The issue with this approach is that it likely will not reduce the complexity for banks. This would represent the largest blacklist ever created, targeting 3.75 million businesses and their affiliates, and 154 million individuals and their close relatives. Even for the banks that find this process to be somewhat manageable, they may not be able to exactly measure the impact of such drastic measures, and the definition of which entities are connected to Russia is “grayer” than one would think.
Within the context of trade finance, Windward data shows that there are 4,868 active vessels with a Russian company listed in their ownership and management structure, including 2,145 cargo vessels, and 1,048 tanker vessels.
As of the time this piece was published, only 39 of them are officially sanctioned vessels, but that certainly doesn’t guarantee that the rest are safe for business. In fact, any transaction in which one of these vessels plays a role that would generate revenue to a Russian entity that owns or manages it, likely violates the new sanctions. Aside from the possible fines, the risk of reputational damage that comes with non-compliance is possibly more important to banks.

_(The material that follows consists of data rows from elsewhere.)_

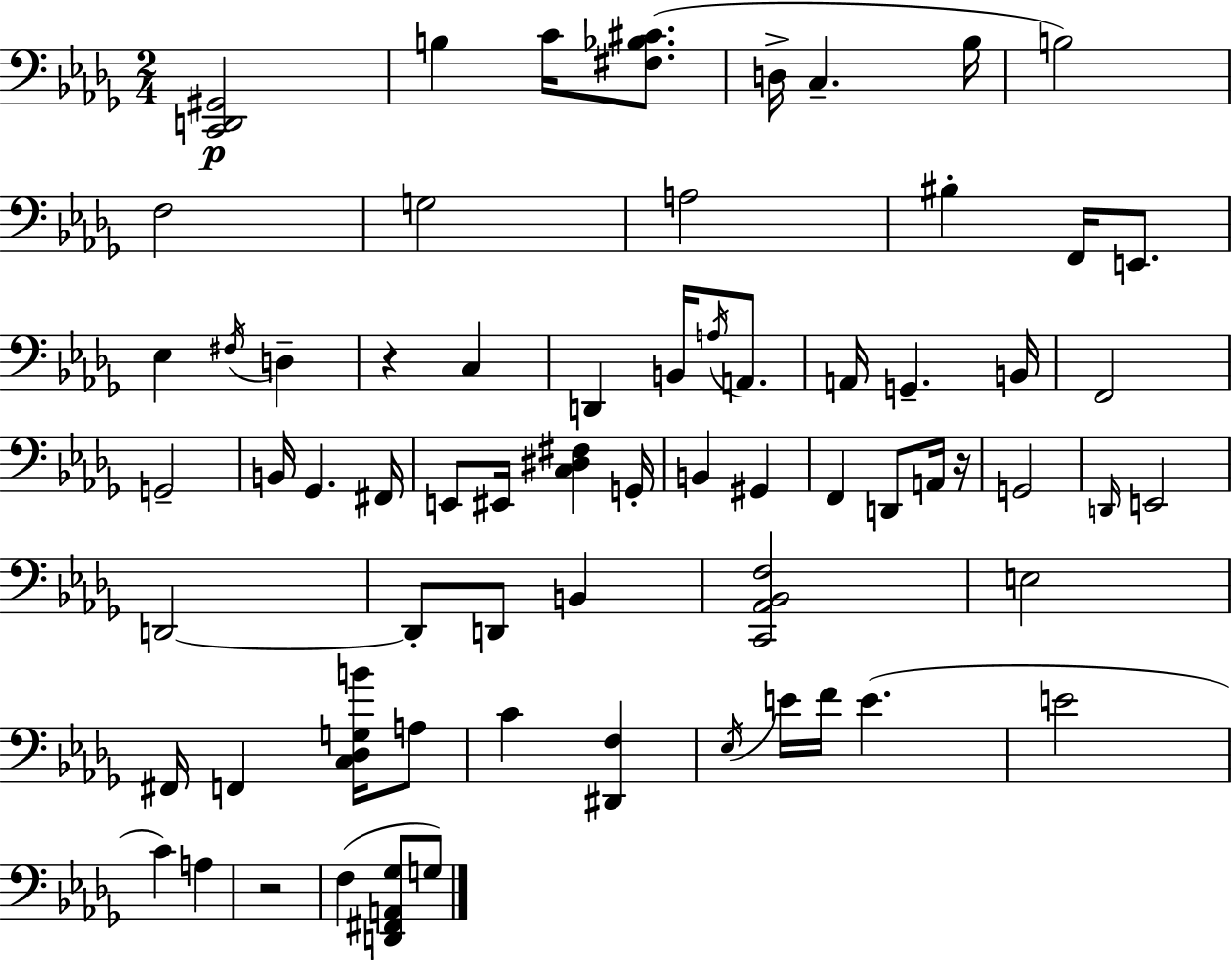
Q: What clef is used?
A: bass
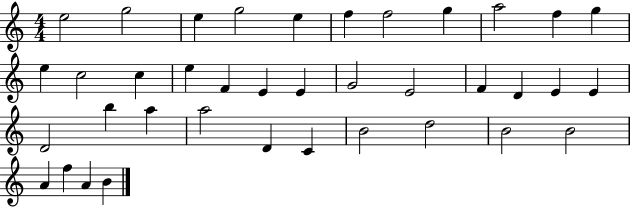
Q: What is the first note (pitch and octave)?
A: E5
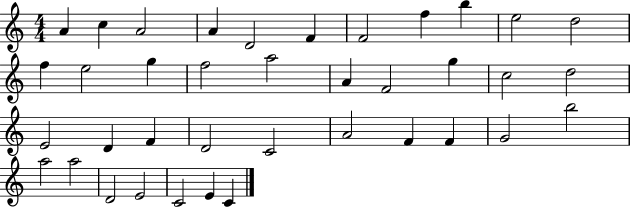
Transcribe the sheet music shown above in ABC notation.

X:1
T:Untitled
M:4/4
L:1/4
K:C
A c A2 A D2 F F2 f b e2 d2 f e2 g f2 a2 A F2 g c2 d2 E2 D F D2 C2 A2 F F G2 b2 a2 a2 D2 E2 C2 E C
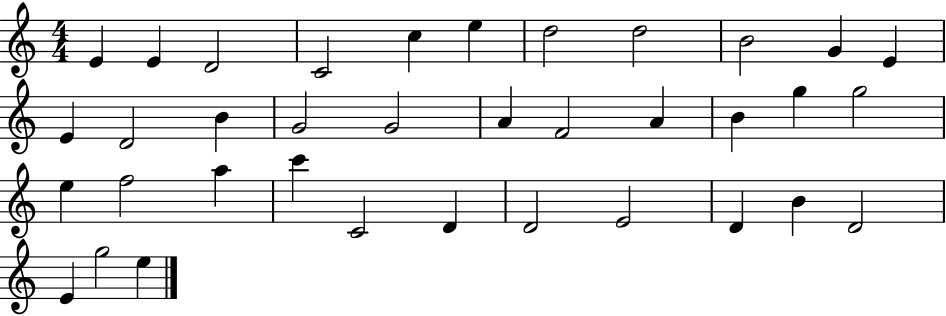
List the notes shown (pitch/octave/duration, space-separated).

E4/q E4/q D4/h C4/h C5/q E5/q D5/h D5/h B4/h G4/q E4/q E4/q D4/h B4/q G4/h G4/h A4/q F4/h A4/q B4/q G5/q G5/h E5/q F5/h A5/q C6/q C4/h D4/q D4/h E4/h D4/q B4/q D4/h E4/q G5/h E5/q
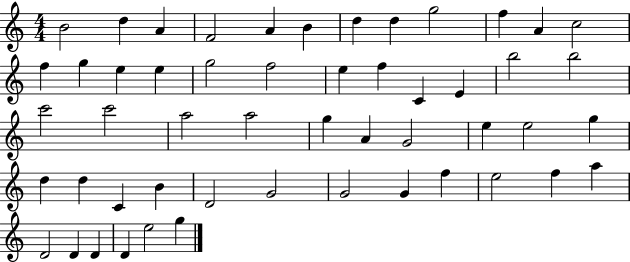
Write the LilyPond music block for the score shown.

{
  \clef treble
  \numericTimeSignature
  \time 4/4
  \key c \major
  b'2 d''4 a'4 | f'2 a'4 b'4 | d''4 d''4 g''2 | f''4 a'4 c''2 | \break f''4 g''4 e''4 e''4 | g''2 f''2 | e''4 f''4 c'4 e'4 | b''2 b''2 | \break c'''2 c'''2 | a''2 a''2 | g''4 a'4 g'2 | e''4 e''2 g''4 | \break d''4 d''4 c'4 b'4 | d'2 g'2 | g'2 g'4 f''4 | e''2 f''4 a''4 | \break d'2 d'4 d'4 | d'4 e''2 g''4 | \bar "|."
}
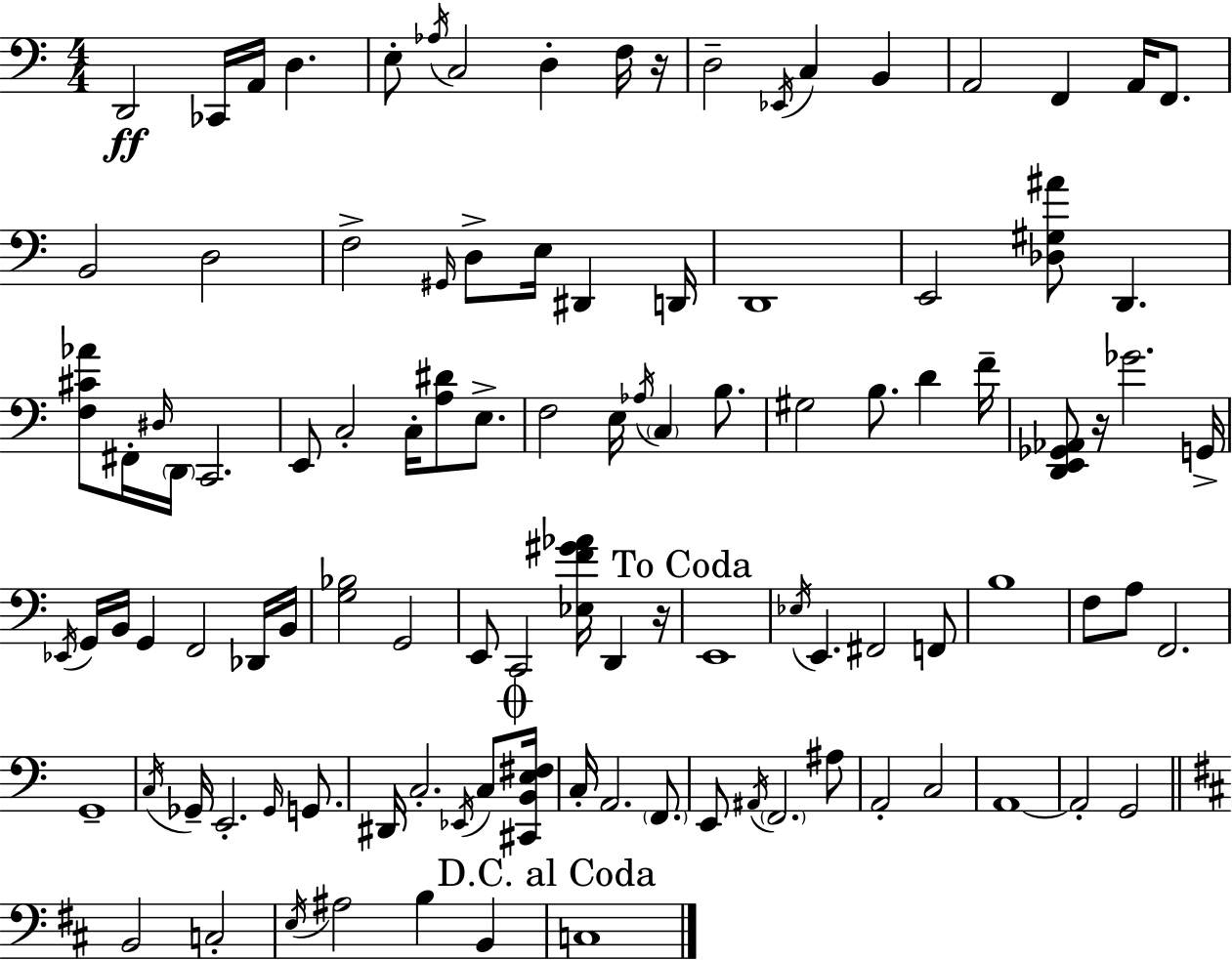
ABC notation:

X:1
T:Untitled
M:4/4
L:1/4
K:C
D,,2 _C,,/4 A,,/4 D, E,/2 _A,/4 C,2 D, F,/4 z/4 D,2 _E,,/4 C, B,, A,,2 F,, A,,/4 F,,/2 B,,2 D,2 F,2 ^G,,/4 D,/2 E,/4 ^D,, D,,/4 D,,4 E,,2 [_D,^G,^A]/2 D,, [F,^C_A]/2 ^F,,/4 ^D,/4 D,,/4 C,,2 E,,/2 C,2 C,/4 [A,^D]/2 E,/2 F,2 E,/4 _A,/4 C, B,/2 ^G,2 B,/2 D F/4 [D,,E,,_G,,_A,,]/2 z/4 _G2 G,,/4 _E,,/4 G,,/4 B,,/4 G,, F,,2 _D,,/4 B,,/4 [G,_B,]2 G,,2 E,,/2 C,,2 [_E,F^G_A]/4 D,, z/4 E,,4 _E,/4 E,, ^F,,2 F,,/2 B,4 F,/2 A,/2 F,,2 G,,4 C,/4 _G,,/4 E,,2 _G,,/4 G,,/2 ^D,,/4 C,2 _E,,/4 C,/2 [^C,,B,,E,^F,]/4 C,/4 A,,2 F,,/2 E,,/2 ^A,,/4 F,,2 ^A,/2 A,,2 C,2 A,,4 A,,2 G,,2 B,,2 C,2 E,/4 ^A,2 B, B,, C,4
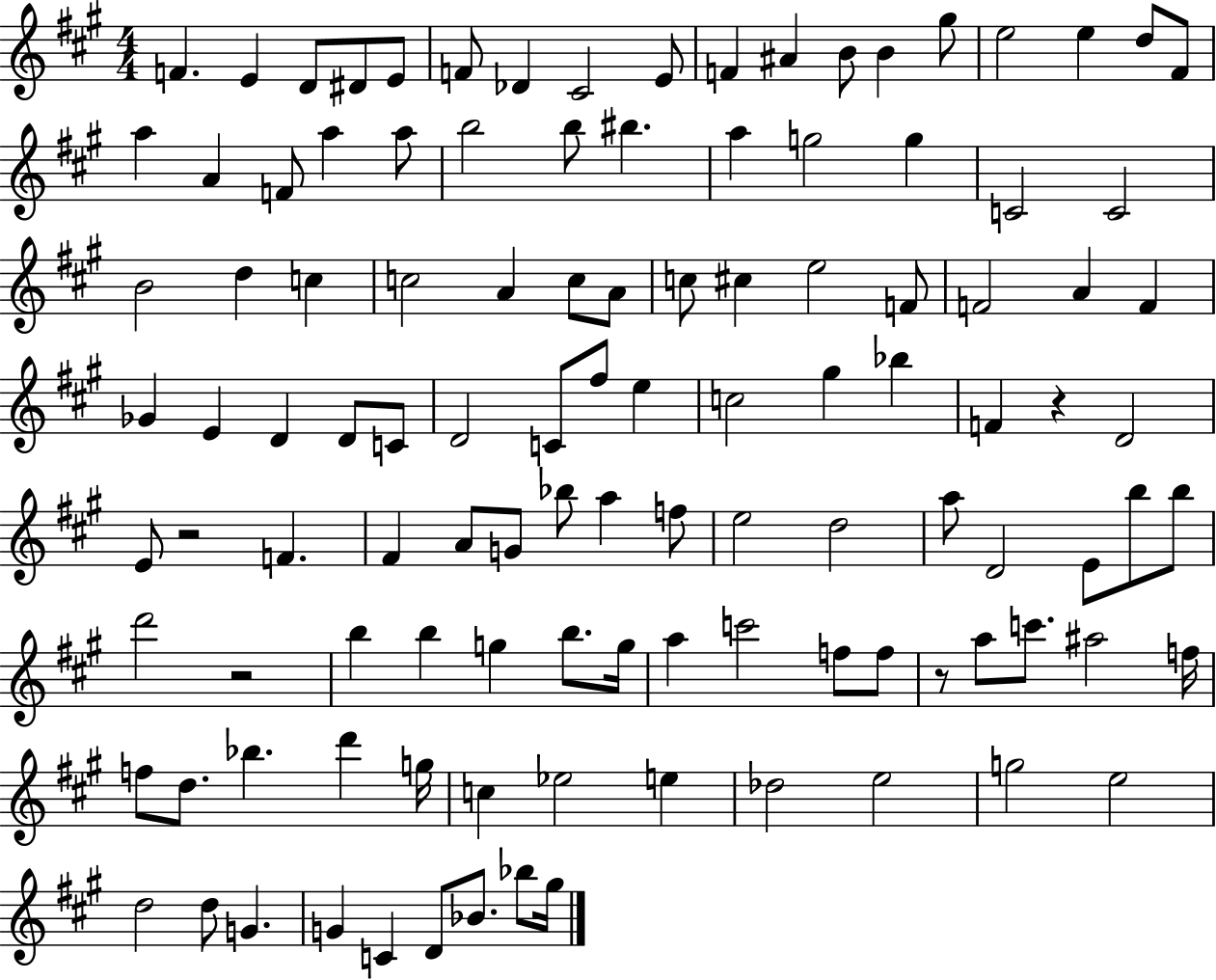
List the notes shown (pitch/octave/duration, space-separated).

F4/q. E4/q D4/e D#4/e E4/e F4/e Db4/q C#4/h E4/e F4/q A#4/q B4/e B4/q G#5/e E5/h E5/q D5/e F#4/e A5/q A4/q F4/e A5/q A5/e B5/h B5/e BIS5/q. A5/q G5/h G5/q C4/h C4/h B4/h D5/q C5/q C5/h A4/q C5/e A4/e C5/e C#5/q E5/h F4/e F4/h A4/q F4/q Gb4/q E4/q D4/q D4/e C4/e D4/h C4/e F#5/e E5/q C5/h G#5/q Bb5/q F4/q R/q D4/h E4/e R/h F4/q. F#4/q A4/e G4/e Bb5/e A5/q F5/e E5/h D5/h A5/e D4/h E4/e B5/e B5/e D6/h R/h B5/q B5/q G5/q B5/e. G5/s A5/q C6/h F5/e F5/e R/e A5/e C6/e. A#5/h F5/s F5/e D5/e. Bb5/q. D6/q G5/s C5/q Eb5/h E5/q Db5/h E5/h G5/h E5/h D5/h D5/e G4/q. G4/q C4/q D4/e Bb4/e. Bb5/e G#5/s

This creates a reality in which financial institutions need to move from a relatively straightforward “yes/no” approach to vetting counterparties to fully understanding the ownership structure and business relationships of a company, down to their stakes in individual vessels. And yet, most transactions will have a Bill of Lading attached to them, but rarely the full details of the vessels facilitating the trade.
Ideally, sanctions compliance teams would have access to the vessel IMO, which would provide a unique identifier. But in most cases, the only information provided are the vessels’ names, or partial names. There is no way to achieve the level of granularity needed to be fully covered in an effective way, without the use of AI-driven technology.
Windward’s Maritime AI platform leverages fuzzy search capabilities to minimize the number of vessels that require further investigation and confidently flag or clear transactions. Overall, Windward allows an efficiency gain of at least 97.2% to the detection and investigation process, by immediately understanding the risk level of any vessel, based on customizable risk criteria, and automatically mapping its seven levels of ownership.
Now, more than ever, banks require the ability to cut through the confusion and drill down into the supply chain of every transaction, to stay on the right side of regulations.